そうした米国の警戒感の矛先となったのが、短期間で世界トップクラスの巨大通信機器会社に急成長した華為技術(ファーウェイ)である。中国が将来の経済・軍事覇権のカギを握るデジタル技術においてもキャッチアップしているとの危機感は我々が想像する以上に強い。

 それを反映したのが、先に述べた国家安全保障戦略であり、ペンス演説である。この他に、中国の技術移転戦略(18年1月)、通商製造政策局(OTMP)リポート(18年6月)、米国の国防産業基盤とサプライチェーン報告書(18年10月)、米中経済安全保障調査会年次報告書(18年11月)などにおいて、警戒感と危機感が示され、対中輸出・投資規制の強化の必要性が強調された。

ペンス副大統領(手前左)は中国の台頭に警戒心をあらわにする(写真:共同通信)
ペンス副大統領(手前左)は中国の台頭に警戒心をあらわにする(写真:共同通信)

 こうした危機感は党派を超えて共有されており、連邦議会の対応も厳格化している。

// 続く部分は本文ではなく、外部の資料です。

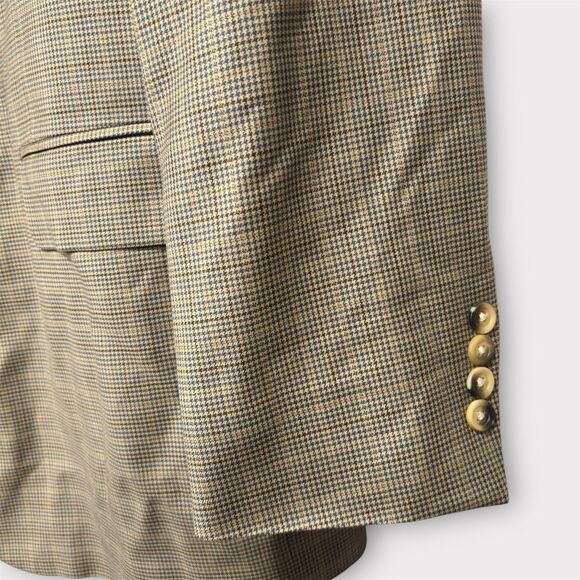 Nautica Men's Brown Blue Plaid Houndstooth Wool Cashmere Jacket Blazer 46L - Picture 4 of 10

例えば、外国投資リスク審査近代化法(FIRRMA)や輸出管理改革法による対応である。総じて、中国が違法・不適切な手法も含め、米国の技術的優位を突き崩そうとしているとみなし、これに全面的に対抗していくとの姿勢が明らかになっている。

世界を分断する「デジタル・鉄のカーテン」

 以前、私はあるテレビの討論番組で「デジタル・鉄のカーテン」という言葉を使って、世界のデジタル技術体系が米中二極化に向かう可能性を示唆した。ファーウェイ問題はその始まりとも言える。すなわち、米国のファーウェイ締め出し措置が「5G」など先端技術に関係する西側のサプライ・チェーンからの中国排除につながっていけば、短期的には、中国のハイテク企業は大きな打撃を受け、ZTE(中興通訊)制裁のケースで明らかになったように、中国の⾃信を傷つけるだろう。しかし、中長期的には、それは中国を独⾃の技術体系の構築にまい進させ、世界はかつての冷戦時代の「鉄のカーテン」に擬せられる「デジタル・鉄のカーテン」によって2つの技術体系を持つ陣営に分断されるかもしれない。

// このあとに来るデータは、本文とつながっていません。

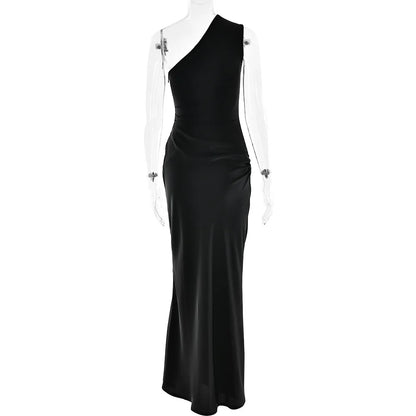 Patchwork Satin Sexy Dress Women One Shoulder Brown Sleeveless Evening Maxi Dress 2025 New Summer Elegant Party Clubwear Dresses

 貿易戦争はナショナリズムを刺激する。中国指導部も弱腰は見せられない。昨年7月、中国商務省は声明を発し、「打つことを望まないが、打つことを恐れもしないし、必要となれば打たざるを得ない」という原則的立場を明らかにしたが、その後の展開は中国政府を「打たざるを得ない」状況に追い込んでいる。

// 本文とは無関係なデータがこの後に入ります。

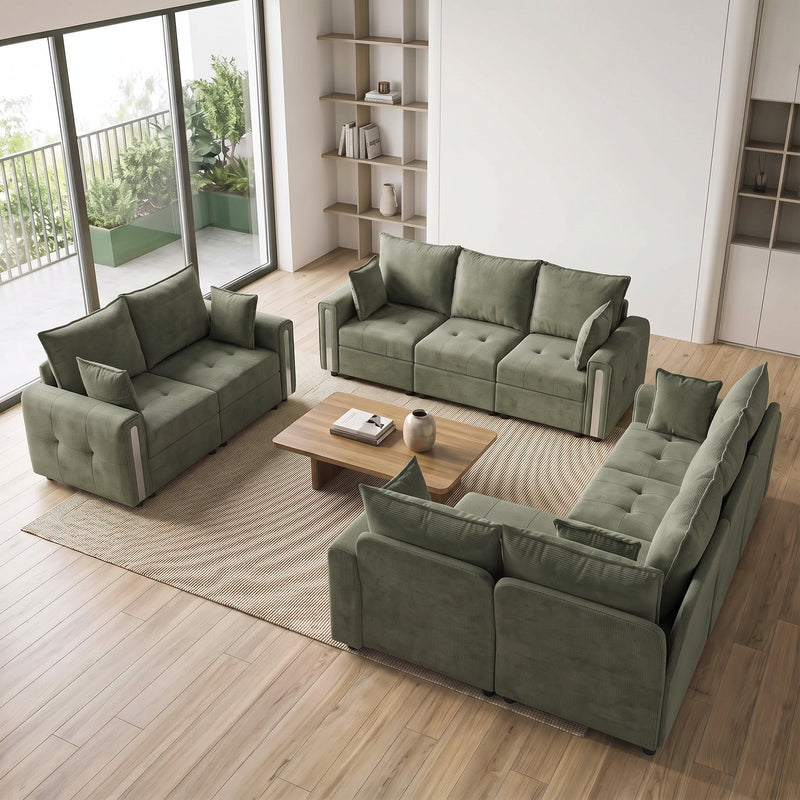Overhead view of a living room with 2 seater, 3 seater and corner sofas from the same dark green range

 今年5月の米中貿易協議では、米国が、主権と平等(米との対等)にこだわる中国の土壇場での譲歩拒否を非難して、追加関税の発動を決定し、これに対し、中国も報復関税で対抗する構えを取った。そして、⺠族感情が動員される。中国国営中央テレビは、中国⼈⺠志願軍が⽶軍を押し返した朝鮮戦争を題材にした映画を放映し、「愛国」を高揚する。